Deep learning (ou deep learning in French)

What was your question already?

How to explain deep learning to your friends, family members, neighbors, random stranger, dog? A very good question indeed. Rather than going deeply into neural networks and other festivities let’s start with describing the problem we want to solve or at least let’s give an example of what we are trying to do here.

Over the years I had to come with strategies if I wanted to explain what I do for living. Telling combinations of words such as “color science”, “computer vision”, “image processing”, “digital photography” is usually not enough or saying “I do work with images” neither. I always found interesting to answer the question “why to you want to do that?” or “which problem do you want to solve?” instead of saying I’m this or that. So to explain what I can do I try to give an idea of the tasks I have to solve.

What is the problem you are trying to solve already?

In some way asking these questions is already machine learning/deep learning-ish approach of solving a problem. In theory if someone asks you to solve a problem he knows the kind of results he want to obtain for a given input or starting point. What he doesn’t know is what is happening between these two stages. Applied mathematics and optimization are a reasonable standard solution: you develop of model that recreate more-less accurately what is happening between these two stages, then for a new entree point your model will predict what an output will be.

I’m sure big data is an expression you have heard in the past years or months. It has of course different meaning depending who is giving a definition. But, coming back to images and the incredible amount of images we are producing daily there is a need to develop solutions/tools to be able to interact with these images. You have in your hand an extremely large image database and using keyword as a search query isn’t enough anymore. Here is the problem: how to navigate, how to browse into large image database in a more natural way? There is a bit of database here but that is not the main point of my article, check my past post on graph and database if you are interested.

Face recognition to recognition of everything

Working with images is fascinating, you see one image and automatically you extract some of its information. Of course there is a long learning curve, when you see a tree, a car, a known object in a picture you don’t even realize it, you know, you have learned over the years you spent on earth to recognize, categorize, organize the continuous stream of visual information that come to your eyes and is later processed in your brain.

If you think of face recognition, the mathematical tools are now pretty standard. We can with high probability find out faces in images, classification comes after the recognition. And if you train your model you will be able to recognize semi automatically in a database faces of different persons as the tools/filters can be tuned for a given target. It can be scary of course if the threshold that decide for a true recognition/classification isn’t verified by a real human and that action leads to a rocket launch. Actually any automatic action issued from an algorithm decision having impact on a human being is pretty bad (hello mass surveillance and hello Terminator). You want help from robots not to help robots or it’s too late anyway.

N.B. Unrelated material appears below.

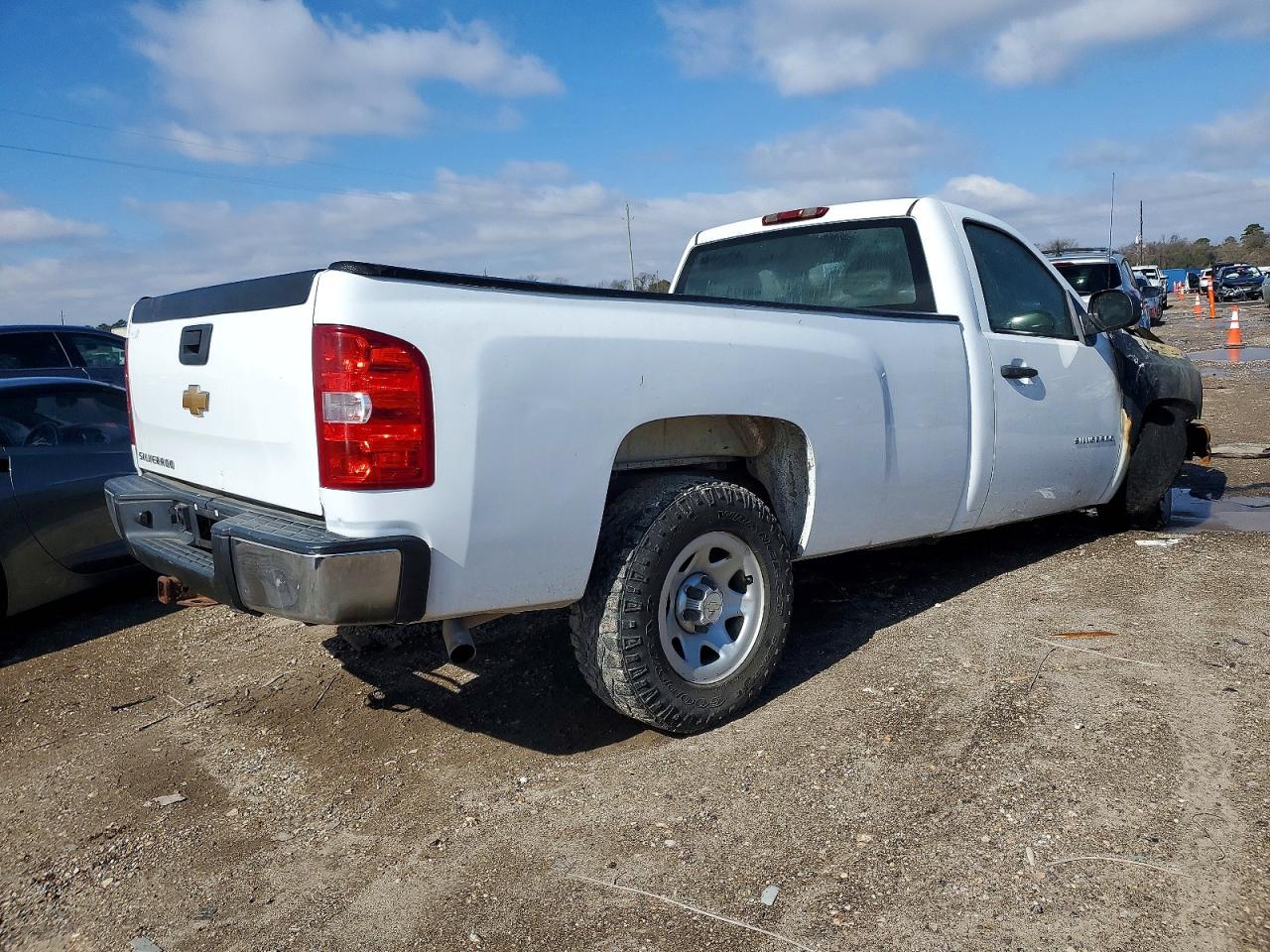2013 Chevrolet Silverado C1500 White vin: 1GCNCPEX4DZ263198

OpenCV Face Detection: Visualized from Adam Harvey on Vimeo.

An idea behind deep learning is to be able to learn what are into images - in a similar way as we human do - to extract features and to perform tasks on other images based on a trained neural network. I’m making shortcuts but that’s the idea. To understand and to later mimic how information is circulating into the brain has been a dream of many researchers. Neural networks go into that direction. If a few years ago the algorithms were limited because of computer power the global picture is different now.

What is also interesting is that new strategies had to be developed to overcome the overload of data. In a way the systems were “over learning” and people talked about over-fitting the data. And it makes sens. If I’m not too mistaken our brain is not indefinitely expandable, meaning we are sorting information continuously. One big part of these tools is to perform drop-out which can be explained as “now that our system can learn we have to teach him to forget part of what he knows in real time”.

Cross disciplines

A chance I see - for me - is the need in some industries for expert being not only expert in one field. Specially for this kind of large scale problems involving images, computer vision, real time and fancy applied research projects. To know only about machine learning or statistic is not enough, to know both about computer and machine learning tools is better.